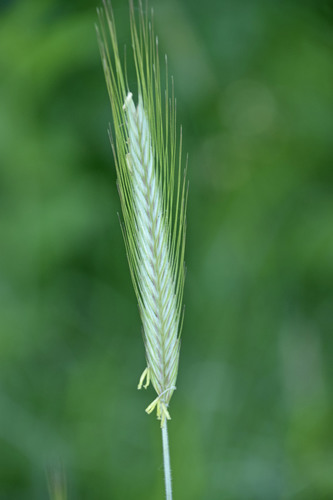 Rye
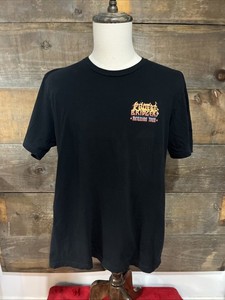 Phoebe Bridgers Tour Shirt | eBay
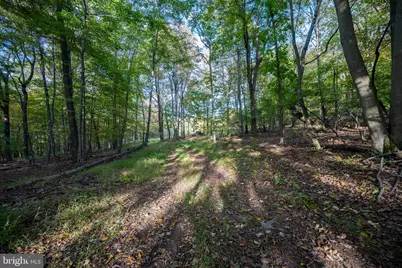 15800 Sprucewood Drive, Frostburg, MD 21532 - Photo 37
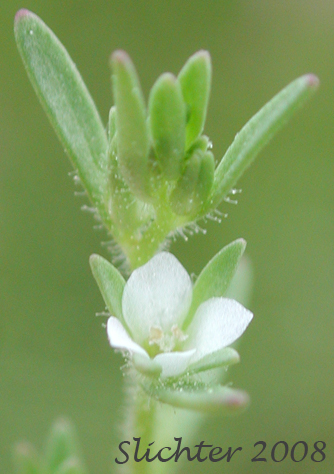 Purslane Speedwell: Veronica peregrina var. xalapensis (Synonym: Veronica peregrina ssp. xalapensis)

---

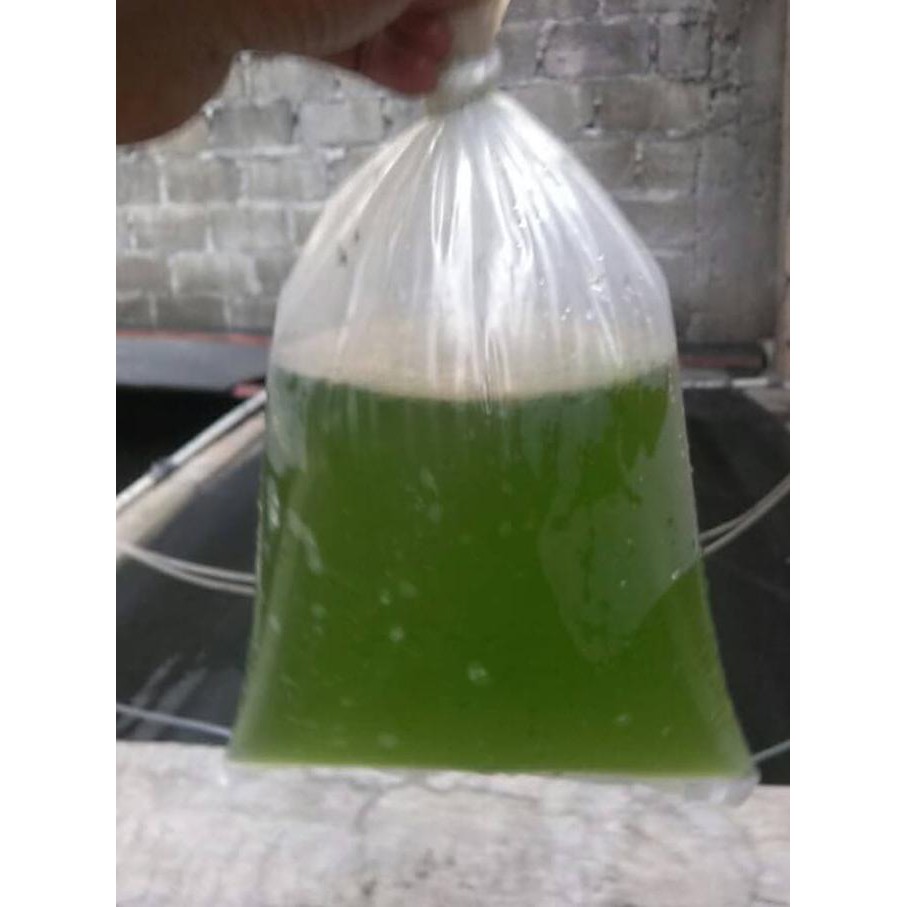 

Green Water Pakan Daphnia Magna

* Your instructions: Although pictures appear among the entries, please set down only the lines from the one with "15800 Sprucewood Drive, Frostburg, MD" up to and including the one with "Purslane Speedwell: Veronica", word for word.

* Answer section:
 15800 Sprucewood Drive, Frostburg, MD 21532 - Photo 37
 Purslane Speedwell: Veronica peregrina var. xalapensis (Synonym: Veronica peregrina ssp. xalapensis)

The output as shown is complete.